I was not present at the hour of my father’s passing, and I was not at his graveside when they put up his tombstone. Carved in the stone, those verses were shining white, showing no sign of the tears I shed when I composed them. Now my tears showed, but through them I could not read the verses.
Fourteen years have gone by since the day Father passed away, and still the tombstone is new. And near it, on his grave, stands a second stone, that of an old scholar, a colleague of Father’s. What could the men of the town do? The dead ask for a grave and a stone, and since that old man had asked to be laid by his friend and they could find no room for his tombstone, they set it up on Father’s grave. My sister used to tell me that our father often appeared to her in a dream with his hand on his heart, like one who feels oppressed and supports his heart with his hand.
When I returned from the graveyard I found Yeruham Freeman sitting on the ground repairing the road. I said to him, “Are you repairing the road from the graveyard to the town or from the town to the graveyard?” Yeruham lifted his eyes from the ground and did not answer.
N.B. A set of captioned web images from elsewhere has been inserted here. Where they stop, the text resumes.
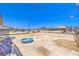 Spacious dirt backyard with chain-link fencing, potential for landscaping, and a small blue pool at 844 Balzar Ave, Las Vegas, NV 89106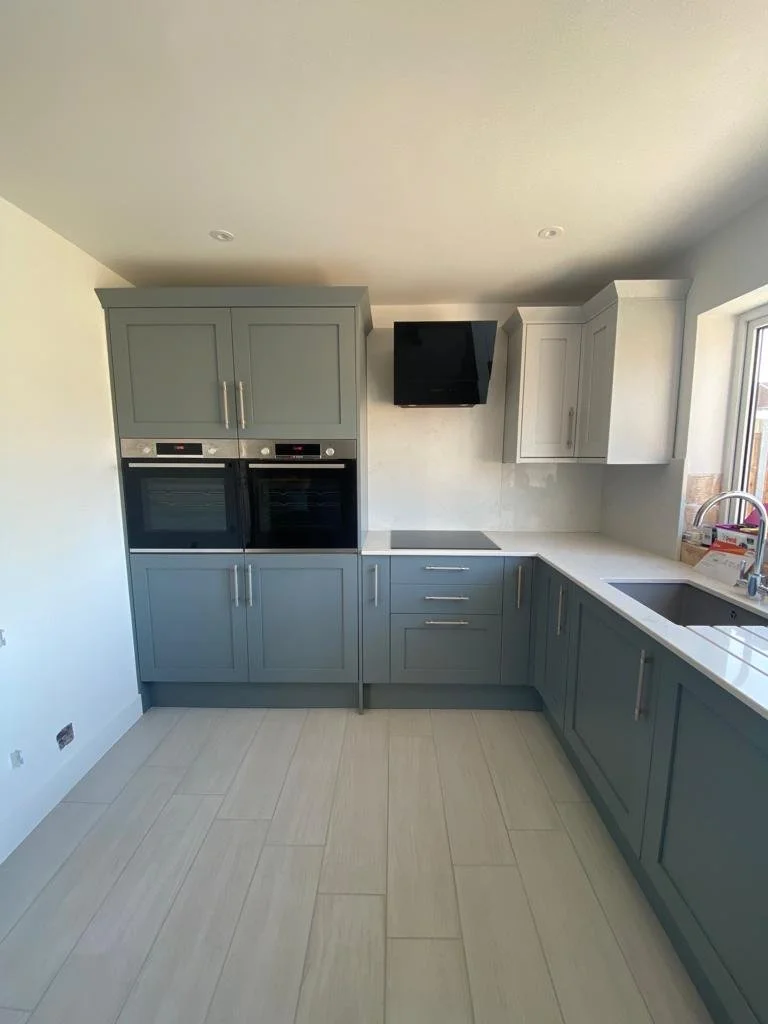 Modern kitchen with gray cabinets, built-in ovens, black range hood, and a large window with a white countertop and sink.
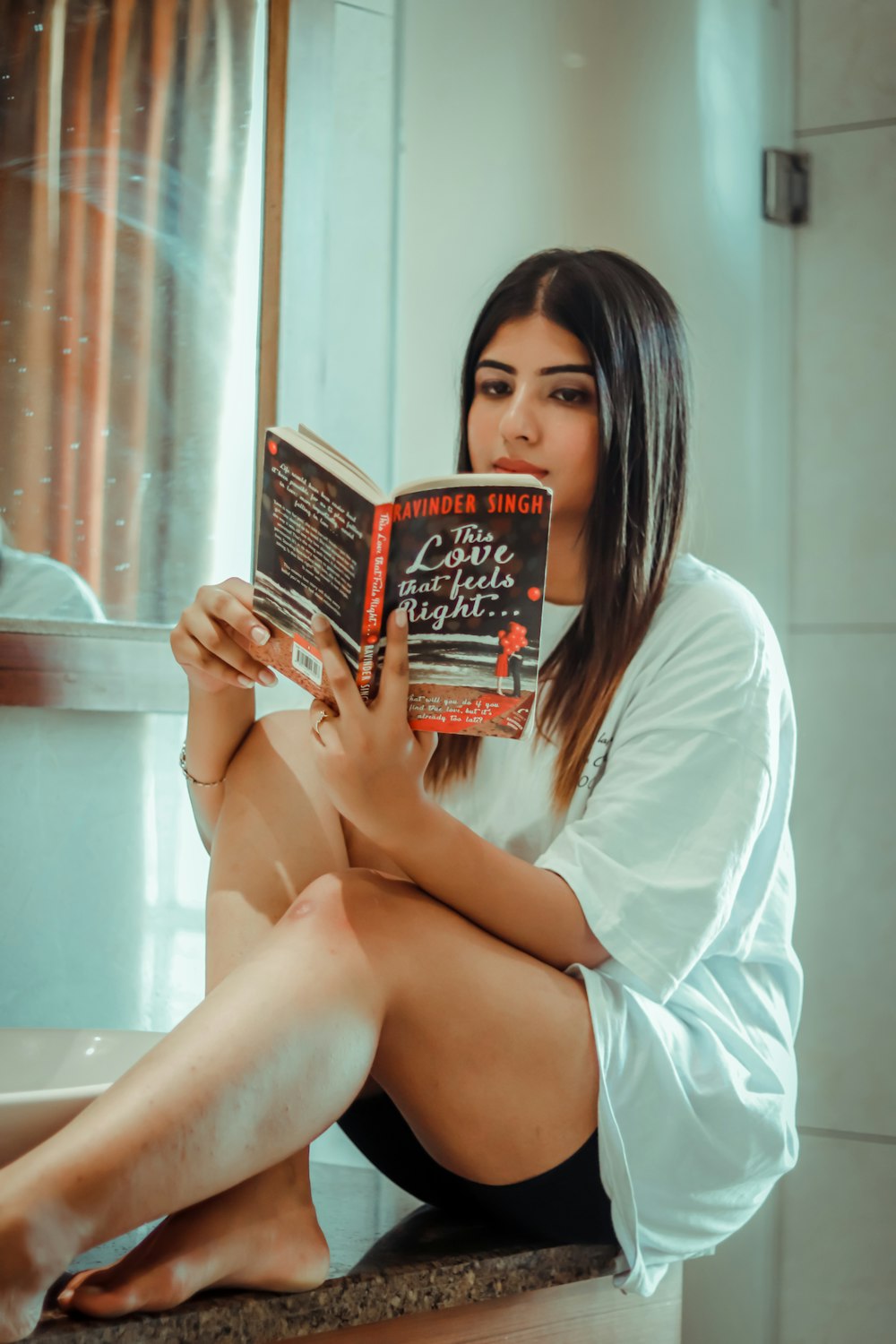 woman in white shirt reading book
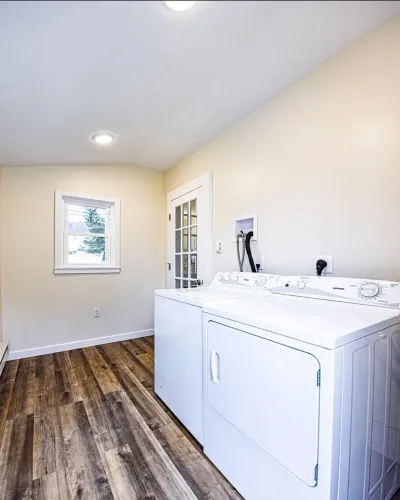 Bright laundry room with vaulted ceiling, wood-look flooring, and white washer and dryer.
Chapter seventeen. Yeruham Freeman
It seems to me that no one hates me like Yeruham Freeman. Why does he hate me, when I have done him no harm? On the contrary, whenever I happen to pass him I greet him like a friend, though he answers with a mumble. I have a secret fondness for this young man. That lean body without an ounce of fat, those eyes that burn like the eyes of a sufferer from malaria, and also, if you like, his ragged, dust-colored working clothes move my heart. Every day, from sunrise to sunset, he sits in the street, pounding out gravel with his hammer or digging dirt and filling up holes to repair the streets of our town, damaged during the war. From his face you can see that he is not happy in his work, but he takes pains in the doing of it, like one who knows that there is nothing else before him. And since there is nothing else before him, he takes pains in the doing of it. I have heard that the city fathers are satisfied with his work and pay no attention to his ideas, because of which he was expelled from the Land of Israel. I am telling no tales and revealing no secrets, for everyone knows that this young man had fallen into evil ways, and before they expelled him he was imprisoned for distributing manifestoes to Arabs and Jews. In any case, since he returned here he has had nothing to do with evil things and does not mix with the other communists in the town; he has nothing to do with anyone, not even with himself. How can a man have anything to do with himself or not have anything to do with himself? He who sings and talks to himself has something to do with himself; he who does not sing or talk to himself has nothing to do with himself. It depends on whether or not he sings and talks to himself. From sunrise to sunset Yeruham does his work in silence. When the sun sets he loads his tools on his back, goes down to the river, washes off the dirt, and goes back home. I do not know what he does at home, whether he sits and reads, or sleeps. Since I have known him I have not seen him strolling at night, either with a girl or alone.